Statalist


[Date Prev][Date Next][Thread Prev][Thread Next][Date Index][Thread Index]

st: RE: AW: AW: AW: Error in egen rank(), unique?


From   "Nick Cox" <n.j.cox@durham.ac.uk>
To   <statalist@hsphsun2.harvard.edu>
Subject   st: RE: AW: AW: AW: Error in egen rank(), unique?
Date   Tue, 3 Nov 2009 16:08:20 -0000

Various points have arisen in this thread, so let's try to tease them
apart. 

1. Marc's -replace- had an unintended effect of overwriting some values
that were fine for his purposes in a variable he created earlier with
-egen, rank() unique-. In essence, getting the changes he wanted
depended delicately on getting the data in exactly the right -sort-
order, as he later realised. Thus there is, emphatically, no error in
-egen- here; Marc merely later stomped by accident on some of its
results and pointed the finger of blame in the wrong direction, as no
doubt we all do occasionally. 

2. Marc maintains that -egen, rank() unique- does not do what he expects
when there are missings. At least, that is what I think he means; he
doesn't quite spell out the argument. This is a little arguable, but my
own suggestion is that the code is on balance fine as it is. 

2.1 -egen, rank()- ignores missings and I suggest that that is exactly
the right behaviour, at least as a default. If a value is missing, so
also should its rank be. 

2.2 I can see a very small case for an option -missing- that says, "I
want to rank the missings too". That would involve taking Stata's
conventions about . .a .b ... .z very literally.
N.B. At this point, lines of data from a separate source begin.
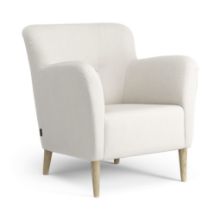 Billede af Swedese Nova Lænestol SH: 42 cm - Linara 209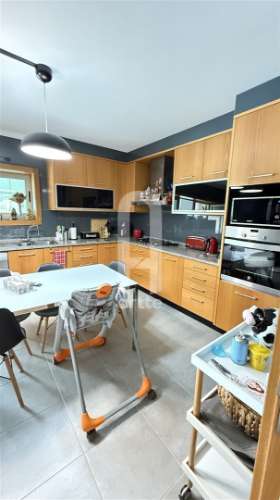 Apartamento T4 de luxo em Oliveira de Azemeis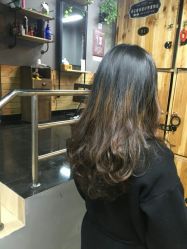 -阪川造型salon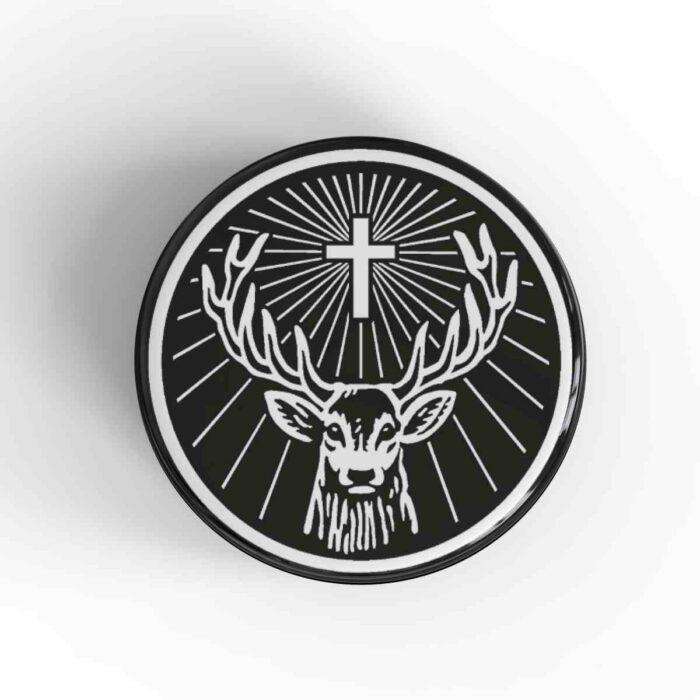 Black Jagermeister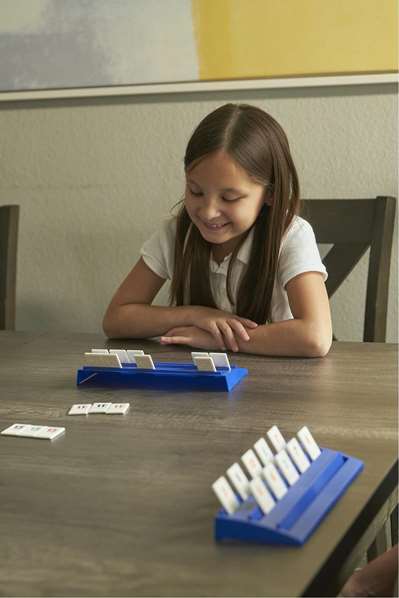 BIZAK Rummikub Original BIZAK Rummikub Original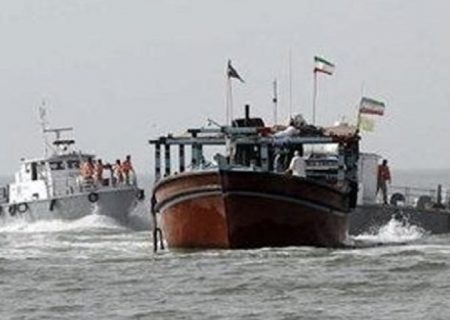 ۵ هزار میلیارد کالای قاچاق در آب‌های بوشهر کشف شد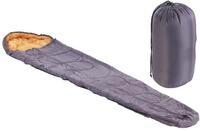 Semptec Urban Survival Technology Schlafsack: 3-Jahreszeiten-Mumienschlafsack, 300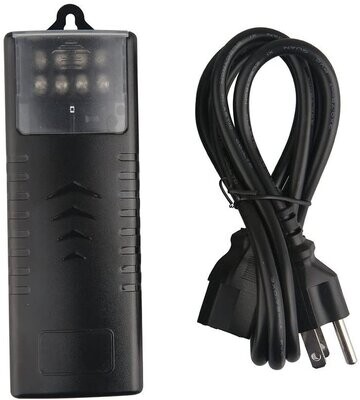 4CH 5A 12V Power distribution Adapter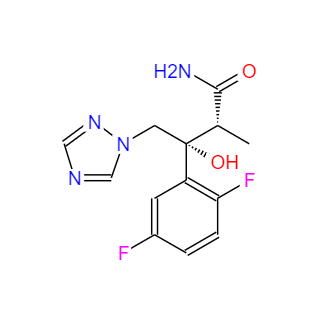 CAS：241479-75-4，艾沙康唑雜質(zhì)27 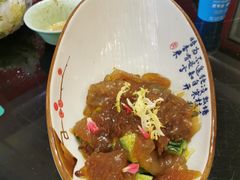 -园中院•常州菜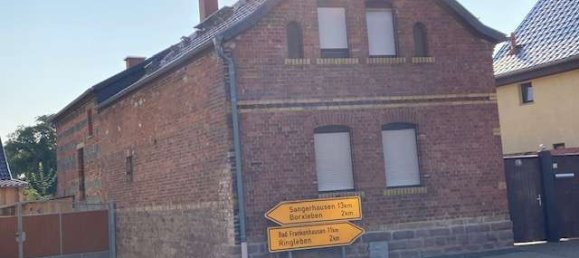 2 bedrooms Townhouse in Kyffhauserkreis, Germany No. 112087 20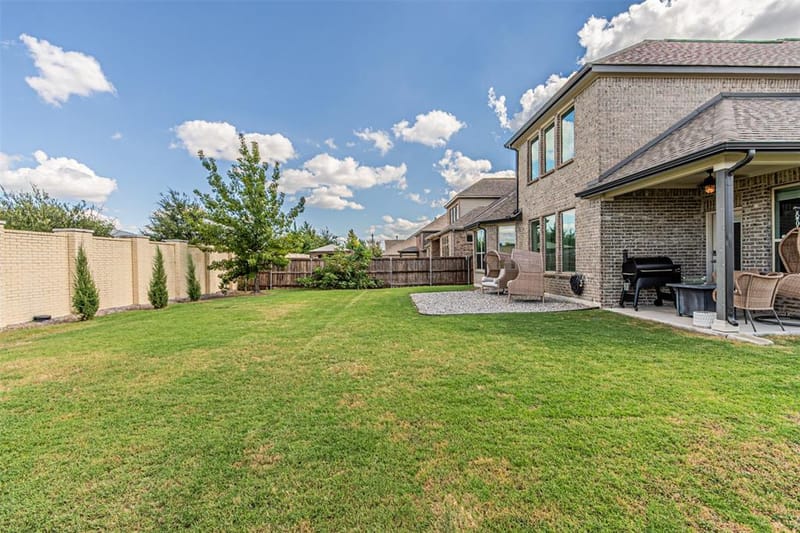 11264 Geranium Drive, Frisco TX 75035 - Photo 36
I am counting votes
here tacitly because I can't remember a suggestion like Marc's before.
Clearly, Mark wants this for data management; I can't see it being
wanted statistically. 

3. However, for what Marc wants there is an even easier solution 

-bys id (dbep): gen rank_dbep = _n 

-- which is shorter and more efficient. With lots of values, consider
spelling out -long- or -double- as variable type. With this easy
work-around the case for Marc's suggestion looks very small indeed to
me, but the code in question has long since been officially adopted, and
it's StataCorp's call. 

4. By the way, using -duplicates- immediately after the -egen- in
question would have been one way to check whether it was at fault. 

Nick 
n.j.cox@durham.ac.uk 

Martin Weiss

Honestly, I cannot see the point of the problem, but note that your

*************
sort id dbep
by id, sort: egen rank_dbep = rank(dbep), unique
*************

can be telescoped into

-bys id (dbep): egen rank_dbep = rank(dbep), unique-

Kaulisch, Marc

Thanks for your answer. Your example works just fine. As it does with a
different dataset. The deletion of the qualifier [_n] does not change
the
behaviour.

I found a work around:
The problem was that the var dbep (being formated as %tm) was not
ordered.
Dbep1 dbep2 dbep3 dbep4 dbep5
2007m8 2008m5 . 2009m3 .

This sequence was ranked:
1 2 3 3

After inserting
. sort id dbep
Before the 
. by id, sort: egen rank_dbep = rank(dbep), unique
It just works fine

Nonetheless I consider this behaviour as not congruent with the
description
of the
Egen rank(), unique function saying "The unique option calculates the
unique
rank of exp: values are ranked 1,...,#, and values and ties are broken
arbitrarily.  Two values that are tied for second are ranked 2 and 3. "
(. h egen)

Martin Weiss

No problem occur in this code, so where is the material difference to
yours?

*************
clear*
set obs 10

gen id=_n
gen dbep1=5+int(10*runiform())
gen dbep2=5+int(10*runiform())
gen deep1=5+int(10*runiform())
gen deep2=5+int(10*runiform())
gen durep1=rnormal()
gen durep2=rnormal()

reshape long dbep deep durep, i(id) j(episode) by id, sort: egen
rank_dbep =
rank(dbep), unique by id, sort: egen rank_deep = rank(deep), unique by
id,
sort: replace rank_dbep =_n if rank_dbep[_n] == .
sort id rank_dbep
drop episode
reshape wide dbep deep durep rank_deep, i(id) j(rank_dbep)
*************

You do change the values returned by -egen, rank()- with your -replace-
line, so it is hard to argue that -egen- is at fault. Still, the line
clearly intends to replace the rank by its running number if it is
missing.
So insert something like -inspect rank_dbep- before that line to see
whether
there are any missings in the first place.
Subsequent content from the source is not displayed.